There’s a correlation between different types of animal abuse and the perpetrator’s relationship to an animal and its owner, report researchers.
For example, the animal’s owner tends to perpetrate animal-neglect crimes (i.e. withholding food and water). On the other hand, with crimes that involve kicking or stabbing, the suspect is usually an owner’s family member or intimate partner, says Laura Reese, professor of urban and regional planning at Michigan State University.
“This isn’t just an animal problem—it’s a human problem…”
Reese and Cassie Richard, a master’s of public policy student who now works for the Oregon Commission for the Blind, studied more than 300 animal cruelty police reports in Detroit between 2007 and 2015. They categorized abuse into eight types including dog fighting, shooting, poisoning, stabbing, and neglect.

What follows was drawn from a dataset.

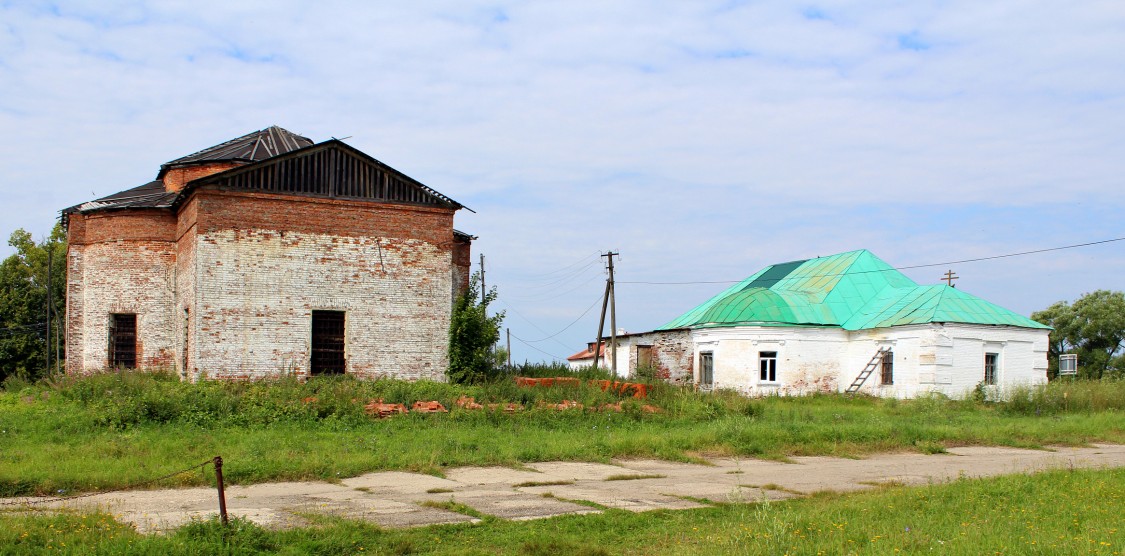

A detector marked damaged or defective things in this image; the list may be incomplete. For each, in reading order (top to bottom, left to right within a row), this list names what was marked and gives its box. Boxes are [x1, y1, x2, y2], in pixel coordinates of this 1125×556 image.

cracked concrete pavement [4, 444, 1120, 536]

The researchers coded the list of motivations for cruelty as the perpetrators listed them and then matched them with the Detroit police crime feed to examine their other patterns of crime.

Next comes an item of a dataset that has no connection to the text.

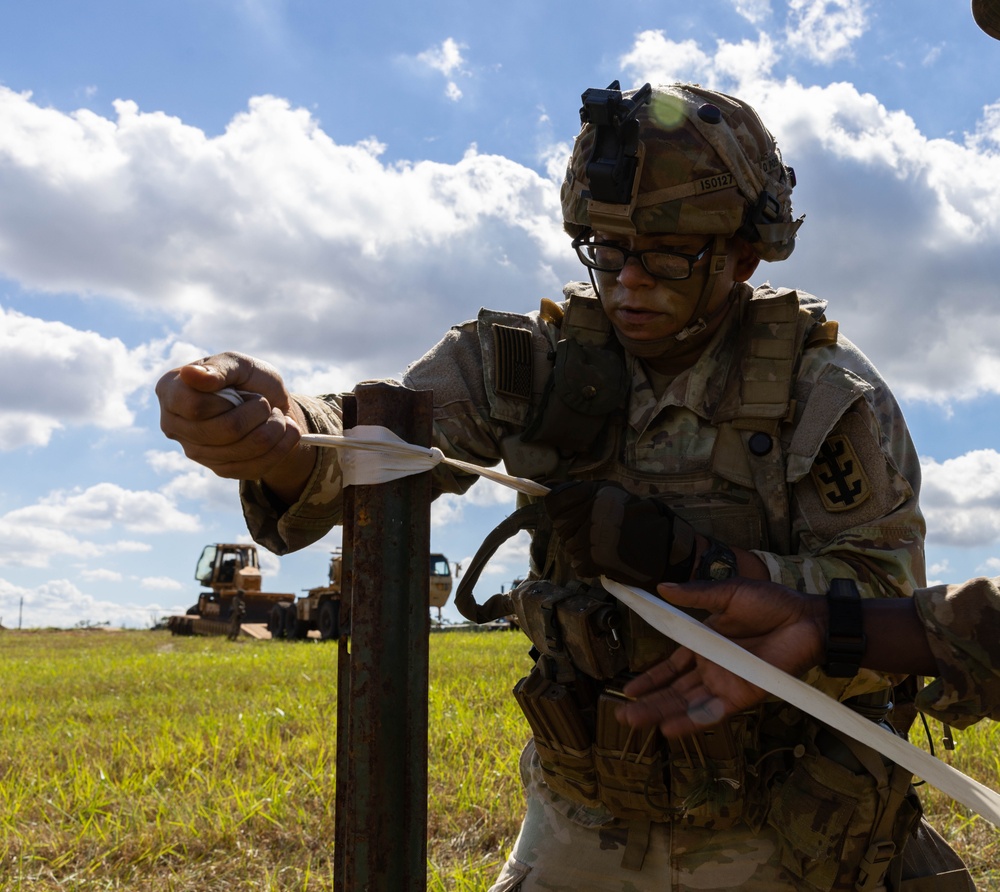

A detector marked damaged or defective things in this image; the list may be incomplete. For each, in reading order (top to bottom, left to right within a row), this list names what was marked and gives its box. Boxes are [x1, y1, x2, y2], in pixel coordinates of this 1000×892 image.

rusty metal post [334, 384, 432, 892]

The researchers also found:
- It’s usually owners—rather than anyone else—who engage their dogs in dog fighting as a form of abuse, often for the money. But owners are also less likely to commit more active forms of cruelty, possibly because of their role as guardians.
- Most stabbings involve family members while neighbors typically commit poisonings.
- Motivations differ. For intimate partners of pet owners, frustration with a relationship is often the cause of violence, whereas for neighbors, annoyance with an animal is often the impetus for cruelty.
“This isn’t just an animal problem—it’s a human problem,” Reese says.
“For example, people who shoot other humans are more likely to shoot animals. At the same time, dog fighting is a public safety problem and dogs running loose biting people due to neglect is a public health problem. So, addressing human problems will help animal problems and vice versa, and we need to encourage public officials to think that way.”
However, most policymakers don’t, she says. Animal cruelty prevention needs to be a coordinated effort between law enforcement, public agencies, and nonprofits. And because forms of animal cruelty vary, public policies and public health solutions should vary.
For example, dog fighting is related to gambling, drugs, and weapon offenses. Thus, crackdowns on those issues would address that form of cruelty. Meanwhile, low-cost veterinary services and enforcement of existing ordinances, such as licensing requirements and leash laws, would target owner neglect.
“Simple education and informing people about proper nutrition, spaying, and neutering could be done in schools,” Reese says.
“Folks often want to do the right thing, but they may not have the resources. At the same time, cruelty is also tied up with domestic violence, which raises a separate and more complex set of concerns. That’s why we need our legislators and local officials to understand the complexities of animal cruelty and make solutions a priority.”
The study appears in the journal Anthrozoös.